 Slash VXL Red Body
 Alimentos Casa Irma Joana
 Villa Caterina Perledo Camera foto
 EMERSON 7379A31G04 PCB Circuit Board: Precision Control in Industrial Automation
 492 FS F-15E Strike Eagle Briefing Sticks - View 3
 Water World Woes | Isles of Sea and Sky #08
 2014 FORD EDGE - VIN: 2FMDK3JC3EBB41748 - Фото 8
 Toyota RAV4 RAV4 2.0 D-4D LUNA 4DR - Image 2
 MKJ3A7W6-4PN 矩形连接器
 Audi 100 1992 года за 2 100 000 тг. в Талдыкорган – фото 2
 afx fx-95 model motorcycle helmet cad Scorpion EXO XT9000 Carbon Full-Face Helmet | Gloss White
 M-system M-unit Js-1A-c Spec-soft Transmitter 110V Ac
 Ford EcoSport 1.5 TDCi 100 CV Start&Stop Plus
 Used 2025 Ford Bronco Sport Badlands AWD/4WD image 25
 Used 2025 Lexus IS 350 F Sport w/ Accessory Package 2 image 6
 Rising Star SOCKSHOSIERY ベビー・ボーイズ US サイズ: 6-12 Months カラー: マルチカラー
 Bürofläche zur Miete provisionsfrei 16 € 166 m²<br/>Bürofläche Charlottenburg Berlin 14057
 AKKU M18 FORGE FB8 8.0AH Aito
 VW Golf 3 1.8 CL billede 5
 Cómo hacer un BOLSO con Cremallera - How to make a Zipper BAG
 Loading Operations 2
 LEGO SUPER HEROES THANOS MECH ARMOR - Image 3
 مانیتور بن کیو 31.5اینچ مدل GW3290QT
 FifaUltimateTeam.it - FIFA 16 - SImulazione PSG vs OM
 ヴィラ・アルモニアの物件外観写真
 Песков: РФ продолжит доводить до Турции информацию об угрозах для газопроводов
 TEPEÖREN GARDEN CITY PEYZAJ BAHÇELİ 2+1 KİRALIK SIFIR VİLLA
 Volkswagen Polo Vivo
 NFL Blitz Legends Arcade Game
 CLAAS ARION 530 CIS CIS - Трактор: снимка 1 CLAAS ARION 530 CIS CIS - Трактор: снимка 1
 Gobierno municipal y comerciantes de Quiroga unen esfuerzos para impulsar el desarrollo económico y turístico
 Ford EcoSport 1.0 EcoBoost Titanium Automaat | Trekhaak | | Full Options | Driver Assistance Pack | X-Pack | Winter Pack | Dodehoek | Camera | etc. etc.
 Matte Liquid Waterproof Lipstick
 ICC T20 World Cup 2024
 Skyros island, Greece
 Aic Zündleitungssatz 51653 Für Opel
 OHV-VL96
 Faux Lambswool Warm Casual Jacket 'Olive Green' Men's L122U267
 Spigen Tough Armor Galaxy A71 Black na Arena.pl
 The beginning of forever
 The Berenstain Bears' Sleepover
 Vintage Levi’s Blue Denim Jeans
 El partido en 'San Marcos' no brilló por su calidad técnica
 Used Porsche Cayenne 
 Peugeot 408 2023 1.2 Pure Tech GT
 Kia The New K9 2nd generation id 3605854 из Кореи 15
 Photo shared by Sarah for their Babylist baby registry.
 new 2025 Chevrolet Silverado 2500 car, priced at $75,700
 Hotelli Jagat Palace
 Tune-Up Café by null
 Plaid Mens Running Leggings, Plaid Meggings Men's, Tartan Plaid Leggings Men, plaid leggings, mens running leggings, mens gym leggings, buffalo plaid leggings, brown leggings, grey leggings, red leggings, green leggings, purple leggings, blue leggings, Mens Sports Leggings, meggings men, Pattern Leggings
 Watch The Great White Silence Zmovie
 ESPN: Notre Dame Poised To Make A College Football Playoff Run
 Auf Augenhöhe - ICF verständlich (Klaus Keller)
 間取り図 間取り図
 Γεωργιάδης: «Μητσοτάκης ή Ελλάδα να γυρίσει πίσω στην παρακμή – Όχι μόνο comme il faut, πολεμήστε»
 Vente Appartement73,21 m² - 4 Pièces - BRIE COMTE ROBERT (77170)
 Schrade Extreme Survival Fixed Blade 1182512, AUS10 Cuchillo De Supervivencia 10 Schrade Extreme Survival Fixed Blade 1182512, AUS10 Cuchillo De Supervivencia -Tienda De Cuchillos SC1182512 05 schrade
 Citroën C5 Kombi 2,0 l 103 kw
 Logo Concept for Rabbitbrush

============================================================

TASK DIRECTIONS —
Return exactly the lines from the one containing "new 2025 Chevrolet" through the last line of the records above, both included, and nothing else.

PROBLEM SOLUTION —
 new 2025 Chevrolet Silverado 2500 car, priced at $75,700
 Hotelli Jagat Palace
 Tune-Up Café by null
 Plaid Mens Running Leggings, Plaid Meggings Men's, Tartan Plaid Leggings Men, plaid leggings, mens running leggings, mens gym leggings, buffalo plaid leggings, brown leggings, grey leggings, red leggings, green leggings, purple leggings, blue leggings, Mens Sports Leggings, meggings men, Pattern Leggings
 Watch The Great White Silence Zmovie
 ESPN: Notre Dame Poised To Make A College Football Playoff Run
 Auf Augenhöhe - ICF verständlich (Klaus Keller)
 間取り図 間取り図
 Γεωργιάδης: «Μητσοτάκης ή Ελλάδα να γυρίσει πίσω στην παρακμή – Όχι μόνο comme il faut, πολεμήστε»
 Vente Appartement73,21 m² - 4 Pièces - BRIE COMTE ROBERT (77170)
 Schrade Extreme Survival Fixed Blade 1182512, AUS10 Cuchillo De Supervivencia 10 Schrade Extreme Survival Fixed Blade 1182512, AUS10 Cuchillo De Supervivencia -Tienda De Cuchillos SC1182512 05 schrade
 Citroën C5 Kombi 2,0 l 103 kw
 Logo Concept for Rabbitbrush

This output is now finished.